**Activity:**
Within the entries below, the lines from the one with "I love it. That's" through the one with "Hello boys and" are to be set down exactly, both ends kept.

**Dataset records:**
*****

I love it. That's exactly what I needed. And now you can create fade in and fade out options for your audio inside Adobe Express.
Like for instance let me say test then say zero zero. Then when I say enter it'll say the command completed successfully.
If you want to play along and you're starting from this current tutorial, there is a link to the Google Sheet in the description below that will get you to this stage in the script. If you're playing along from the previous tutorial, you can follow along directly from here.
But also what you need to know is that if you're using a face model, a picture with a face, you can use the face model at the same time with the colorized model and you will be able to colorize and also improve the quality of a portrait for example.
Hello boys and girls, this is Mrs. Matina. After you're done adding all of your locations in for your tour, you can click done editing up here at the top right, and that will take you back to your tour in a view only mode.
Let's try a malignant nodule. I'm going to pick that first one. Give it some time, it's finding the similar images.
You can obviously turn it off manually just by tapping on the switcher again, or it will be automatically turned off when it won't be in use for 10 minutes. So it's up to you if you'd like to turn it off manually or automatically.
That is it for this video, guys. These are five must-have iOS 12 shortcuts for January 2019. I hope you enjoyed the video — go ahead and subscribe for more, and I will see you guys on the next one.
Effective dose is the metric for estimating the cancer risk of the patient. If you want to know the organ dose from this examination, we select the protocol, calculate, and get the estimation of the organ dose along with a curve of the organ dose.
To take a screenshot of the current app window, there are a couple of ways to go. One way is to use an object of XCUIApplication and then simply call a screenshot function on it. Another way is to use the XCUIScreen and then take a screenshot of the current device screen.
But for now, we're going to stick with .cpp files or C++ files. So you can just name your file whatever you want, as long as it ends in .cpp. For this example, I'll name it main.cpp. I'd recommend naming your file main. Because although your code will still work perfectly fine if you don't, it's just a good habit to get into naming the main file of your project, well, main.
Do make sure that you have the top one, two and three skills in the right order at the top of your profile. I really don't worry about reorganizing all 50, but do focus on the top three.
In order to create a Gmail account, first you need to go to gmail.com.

*****

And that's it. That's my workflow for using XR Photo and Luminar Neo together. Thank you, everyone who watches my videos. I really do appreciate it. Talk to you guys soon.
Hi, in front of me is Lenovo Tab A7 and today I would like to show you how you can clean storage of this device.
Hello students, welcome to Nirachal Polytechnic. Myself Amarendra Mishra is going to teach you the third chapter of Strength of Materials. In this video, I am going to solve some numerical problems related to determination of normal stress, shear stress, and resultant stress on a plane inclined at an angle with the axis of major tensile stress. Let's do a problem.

*****

**Response to the task:**
I love it. That's exactly what I needed. And now you can create fade in and fade out options for your audio inside Adobe Express.
Like for instance let me say test then say zero zero. Then when I say enter it'll say the command completed successfully.
If you want to play along and you're starting from this current tutorial, there is a link to the Google Sheet in the description below that will get you to this stage in the script. If you're playing along from the previous tutorial, you can follow along directly from here.
But also what you need to know is that if you're using a face model, a picture with a face, you can use the face model at the same time with the colorized model and you will be able to colorize and also improve the quality of a portrait for example.
Hello boys and girls, this is Mrs. Matina. After you're done adding all of your locations in for your tour, you can click done editing up here at the top right, and that will take you back to your tour in a view only mode.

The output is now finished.